Obesity: Decades-Long Epidemic in MexicoBy Miriam Bello | Tue, 12/15/2020 - 10:33
Before the COVID-19 pandemic, Mexico lived with everyday ailments that were categorized as epidemics. Obesity is one of those historical ailments. In 2016, obesity was declared a sanitary emergency as 72.5 percent of adults in Mexico presented obesity and overweight and 15 percent of the children in the country suffered from it. Since 2016, obesity numbers keep growing in Mexico, despite the many public and private initiatives to revert the trend. Prevention strategies have not been able to stick among the Mexican population, either.
International figures highlight the magnitude of obesity in Mexico, as just in Latin America Mexico has the highest obesity rate. Moreover, the last update to the OECD figures for obesity place Mexico first in the most aggravated countries, followed by Chile and the US.
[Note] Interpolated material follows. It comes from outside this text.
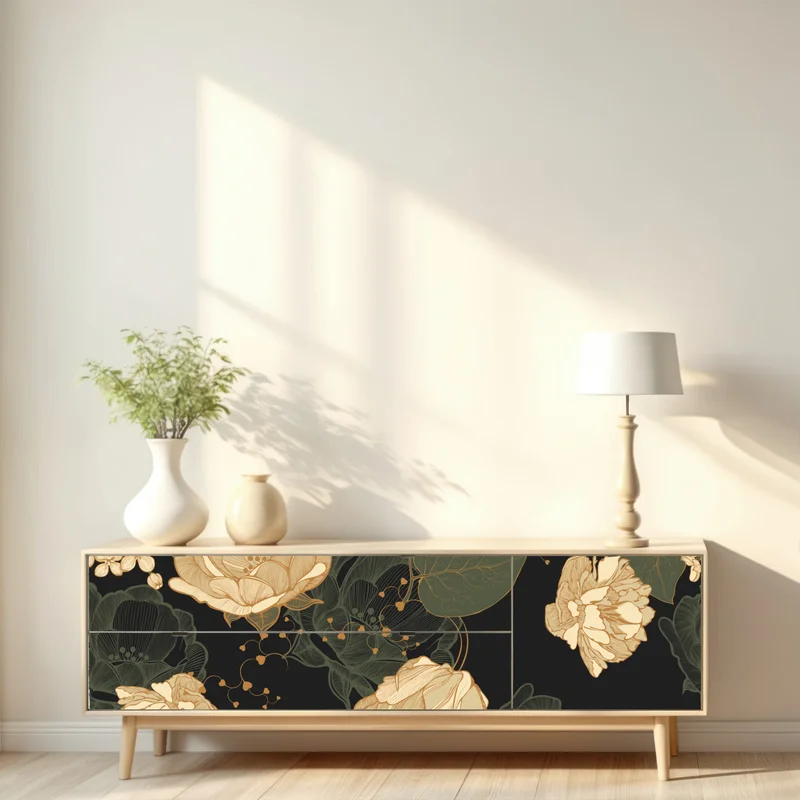 Repositionierbarer Aufkleber goldene pfingstrosen vor dunklem botanischem hintergrund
Gaceta Médica de México describes obesity as a chronic disease of multifactorial etiology in which genetic, environmental and lifestyle aspects are involved. Obesity is characterized by a positive balance of calories (when the consumption of calories exceeds their total energetic use), causing body fat accumulation. According to a report published by ANMM, social, cultural, political and economic factors can interconnect and modify the outcomes of obesity for each individual, depending on diet and level of physical activity. INSP said the latter makes prevention and control of obesity a complex situation for individual and governments.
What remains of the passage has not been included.